Are you confident about the cybersecurity of your business? Do you know about the threats, vulnerabilities and risks to the data you hold?

Threats, vulnerabilities and risks to your organisation’s security

It doesn’t bear thinking of the consequences if you suffer a data security breach and loss of organisational and customer information; reputational risks alone are damaging to your business even before any financial penalties.

If you need to focus on your organisation’s security, here are the common threats, vulnerabilities and risks to your organisation you need to know about and may want to consider addressing to enable you to get an effective risk management strategy in place.

Threats, vulnerabilities and risks

These three terms are often used interchangeably when talking about IT and cybersecurity, but they are actually quite different. It helps to understand what each of these are and the different impacts they might have on your business.

Threats

A threat is an incident, or potential incident, that could harm your business. Threats are not always malicious. Natural disasters are classed as threats, such as a flood or fire. And unintentional threats can also occur, such as an employee accidentally leaving company files or devices off premises.

It’s the intentional threats we are concerned about here and they include, viruses, malware, spyware and hacking attempts. These threats are many and constantly changing. To combat threats as effectively as possible you need to:

  • Keep employees up to date with what to be aware of when it comes to malicious contact and how to spot malware and phishing attempts 
  • Conduct penetration testing, which imitates real threats to see how secure your system is 
  • Carry out regular threat testing

Vulnerabilities

A vulnerability is a weakness in your business operation, for instance if you haven’t run updates, your data isn’t backed up securely, or your antivirus is out of date.

By taking care of all of the above you can ensure you limit the number of vulnerabilities in your system that can be taken advantage of by hackers.

To find out exactly where you are vulnerable, you could carry out regular vulnerability testing to ensure you plug the gaps and stay as secure as possible.

Risks

Risks are actually the sum of threats x vulnerabilities. Risk is the likelihood of an incident; and if you face zero threats and have zero vulnerabilities then you should be risk-free. In reality this is of course very unlikely.

By understanding how risks arise, through threats and vulnerabilities, and what those might be and where they come from, will enable you to put the right risk management strategy in place, with the policies and procedures to build risk management into your day-to-day.

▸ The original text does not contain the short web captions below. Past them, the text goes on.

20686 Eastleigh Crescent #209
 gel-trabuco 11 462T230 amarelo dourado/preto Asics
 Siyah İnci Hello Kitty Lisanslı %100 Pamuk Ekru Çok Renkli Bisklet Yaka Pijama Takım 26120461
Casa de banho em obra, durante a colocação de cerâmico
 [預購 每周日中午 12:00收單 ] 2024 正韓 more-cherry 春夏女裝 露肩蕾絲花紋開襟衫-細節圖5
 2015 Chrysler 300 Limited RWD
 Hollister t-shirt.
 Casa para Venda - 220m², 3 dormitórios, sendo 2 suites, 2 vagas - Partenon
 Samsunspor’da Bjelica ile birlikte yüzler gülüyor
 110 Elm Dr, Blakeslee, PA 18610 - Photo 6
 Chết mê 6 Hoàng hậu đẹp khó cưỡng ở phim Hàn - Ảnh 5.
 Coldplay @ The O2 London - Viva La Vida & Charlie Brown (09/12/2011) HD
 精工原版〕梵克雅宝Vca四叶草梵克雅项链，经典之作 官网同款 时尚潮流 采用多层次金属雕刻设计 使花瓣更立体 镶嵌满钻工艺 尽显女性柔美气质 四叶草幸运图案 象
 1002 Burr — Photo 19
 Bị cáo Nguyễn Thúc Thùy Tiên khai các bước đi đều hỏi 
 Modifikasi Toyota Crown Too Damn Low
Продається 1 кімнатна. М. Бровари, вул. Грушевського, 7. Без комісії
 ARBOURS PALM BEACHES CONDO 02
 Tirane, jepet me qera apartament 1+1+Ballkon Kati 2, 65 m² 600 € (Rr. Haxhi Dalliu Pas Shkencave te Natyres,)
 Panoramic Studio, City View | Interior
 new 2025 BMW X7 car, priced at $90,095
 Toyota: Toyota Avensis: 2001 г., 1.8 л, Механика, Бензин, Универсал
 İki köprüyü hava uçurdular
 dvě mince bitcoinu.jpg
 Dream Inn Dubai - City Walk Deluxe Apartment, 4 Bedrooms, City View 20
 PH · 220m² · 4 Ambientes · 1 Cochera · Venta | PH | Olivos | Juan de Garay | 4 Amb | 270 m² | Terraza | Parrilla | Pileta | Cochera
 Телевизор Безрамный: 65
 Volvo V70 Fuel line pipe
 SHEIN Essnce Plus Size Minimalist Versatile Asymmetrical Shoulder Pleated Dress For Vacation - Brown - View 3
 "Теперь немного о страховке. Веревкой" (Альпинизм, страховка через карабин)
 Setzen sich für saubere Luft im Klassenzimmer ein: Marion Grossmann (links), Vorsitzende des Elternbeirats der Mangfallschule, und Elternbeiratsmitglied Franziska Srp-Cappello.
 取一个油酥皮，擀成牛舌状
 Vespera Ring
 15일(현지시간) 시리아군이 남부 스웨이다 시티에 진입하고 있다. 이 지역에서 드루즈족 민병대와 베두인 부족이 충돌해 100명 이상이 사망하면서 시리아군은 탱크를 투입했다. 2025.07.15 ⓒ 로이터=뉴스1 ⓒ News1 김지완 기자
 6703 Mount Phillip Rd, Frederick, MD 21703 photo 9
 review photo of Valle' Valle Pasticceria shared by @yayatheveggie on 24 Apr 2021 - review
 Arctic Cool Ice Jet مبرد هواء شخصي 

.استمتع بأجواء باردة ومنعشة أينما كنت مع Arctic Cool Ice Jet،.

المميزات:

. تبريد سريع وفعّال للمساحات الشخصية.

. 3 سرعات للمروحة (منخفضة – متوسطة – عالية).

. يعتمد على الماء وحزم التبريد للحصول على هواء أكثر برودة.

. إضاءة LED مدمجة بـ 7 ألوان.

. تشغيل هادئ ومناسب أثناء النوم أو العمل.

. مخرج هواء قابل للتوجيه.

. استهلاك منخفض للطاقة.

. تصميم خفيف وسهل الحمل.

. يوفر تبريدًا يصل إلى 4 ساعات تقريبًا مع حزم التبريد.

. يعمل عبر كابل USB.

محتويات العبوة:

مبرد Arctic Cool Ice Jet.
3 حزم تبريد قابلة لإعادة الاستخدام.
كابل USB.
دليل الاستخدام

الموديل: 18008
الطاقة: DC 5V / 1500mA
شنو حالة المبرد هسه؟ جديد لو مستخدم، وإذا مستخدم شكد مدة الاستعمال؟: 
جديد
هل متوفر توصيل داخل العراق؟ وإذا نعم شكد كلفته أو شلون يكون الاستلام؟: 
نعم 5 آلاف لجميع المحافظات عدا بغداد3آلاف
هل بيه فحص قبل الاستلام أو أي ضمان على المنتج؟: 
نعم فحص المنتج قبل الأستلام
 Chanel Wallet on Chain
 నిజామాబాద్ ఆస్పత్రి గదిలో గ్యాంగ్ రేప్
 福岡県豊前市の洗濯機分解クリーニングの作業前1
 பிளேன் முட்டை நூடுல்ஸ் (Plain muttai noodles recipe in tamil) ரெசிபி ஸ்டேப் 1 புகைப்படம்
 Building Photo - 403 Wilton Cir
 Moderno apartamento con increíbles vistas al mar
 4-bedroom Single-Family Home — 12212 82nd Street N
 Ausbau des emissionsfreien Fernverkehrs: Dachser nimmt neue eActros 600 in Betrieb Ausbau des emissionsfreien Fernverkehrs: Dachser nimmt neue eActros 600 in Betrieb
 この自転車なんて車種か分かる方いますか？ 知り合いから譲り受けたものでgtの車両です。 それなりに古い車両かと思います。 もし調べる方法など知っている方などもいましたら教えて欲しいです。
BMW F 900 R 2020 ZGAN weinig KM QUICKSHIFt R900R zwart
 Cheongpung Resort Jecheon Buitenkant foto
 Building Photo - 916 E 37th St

Involve stakeholders in your risk management strategy, consider all angles of operation and what to be aware of that could go wrong. Designate employees to take care of certain aspects of the operative where risk is identified. And regular review your risks collaboratively so that the appropriate action can be taken.

In the even of a threat or vulnerability arising, you will be much better placed to deal with it and minimise disruption to your business.